The problems described above lead us to develop the Ddt (Domain Debug Tools) package. This package allows the verification of the coherence of sub-sets of the database, both syntactically and semantically. Most known errors are detected by Ddt. Therefore, this package can play an important role helping DNS administrators. Besides this, it also allows the production of several statistics over the DNS data, as for example hosts per domain, more popular names, etc.
The Ddt package is a set of commands working over zone files, cached locally. We took this option because it allows an efficient analisys of the coherence of a set of zones. This is the only way some errors can be detected. Furthermore, it is much more efficient to work over local data than querying servers on line. When the connections aren't good enough, as is in our situation, this is the only realistic alternative. Zone files may be outdated when they are analyzed, however, even if the servers were queried on line, it is also possible to face a similar situation. This means that working over cached data is really the only correct alternative.
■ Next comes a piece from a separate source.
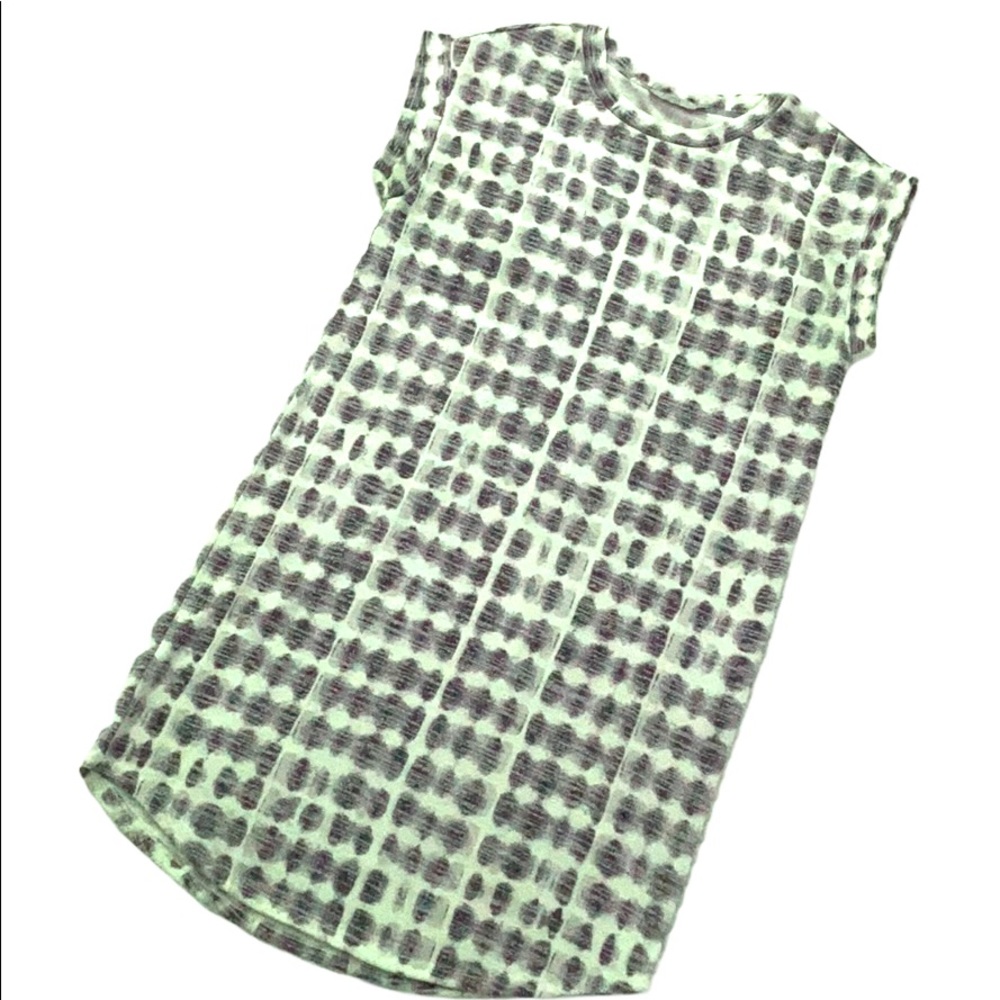 Short-sleeve knit dress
In order to debug and test the effectiveness of Ddt, we have run a full test over a sub-set of the DNS database, mostly concerning the European countries. During the week from April 13th to April 20th we cached in our site almost all the european zone files and ran an extensive analysis of this data. This allowed us to obtain some conclusions about the most usual errors, as well as some interesting results about the several ``cultures'' used by DNS administrators in the different countries, etc. Furthermore, this analysis allowed us to discover several paradigmatic errors. Some are simply ``curious or funny'', however, some are dangerous and should be quickly corrected. Some of those results take the form of statistics tables.
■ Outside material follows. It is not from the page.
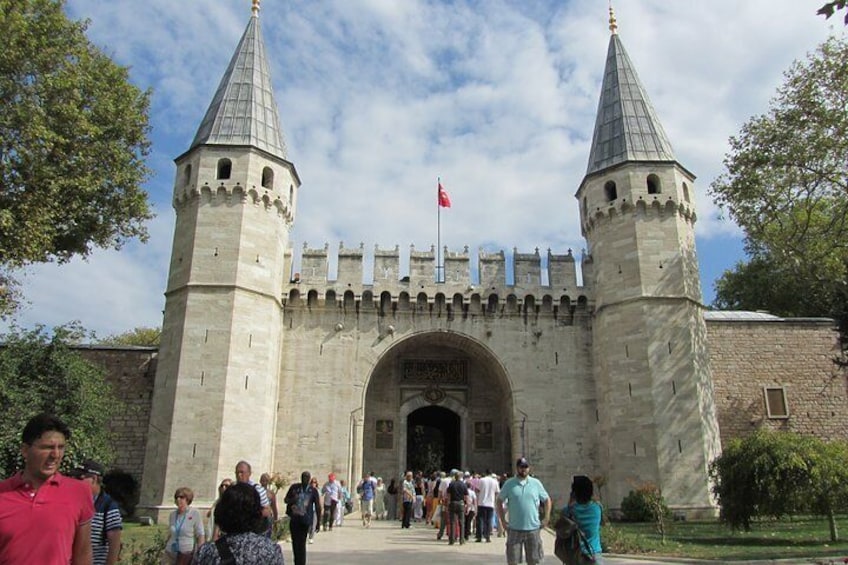 Istanbul: Private Tour Topkapi Palace and Harem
The reader should be aware of the fact that the examples shown are real ones. Some of them have been corrected since the data used for the analysis has been cached however, they were present in the european DNS the night of the 14th April 1992.
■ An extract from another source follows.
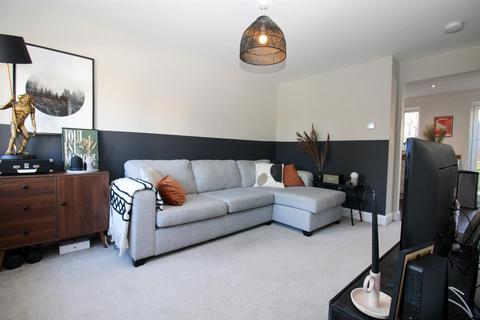 18 Mill Holme Fold, Bradford, BD10 0FA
This paper presents our work and the results obtained during the analysis of the european DNS data. Sections 2 and 3 present an introduction to the DNS as well as the rational behind DNS administration and the reasons that provided motivation for building Ddt. Section 4, named ``European DNS culture and folklore'', presents the results we got while analysing the european DNS data. Finally, section 5 closes the paper with some remarks about the limits of Ddt as well as some open issues.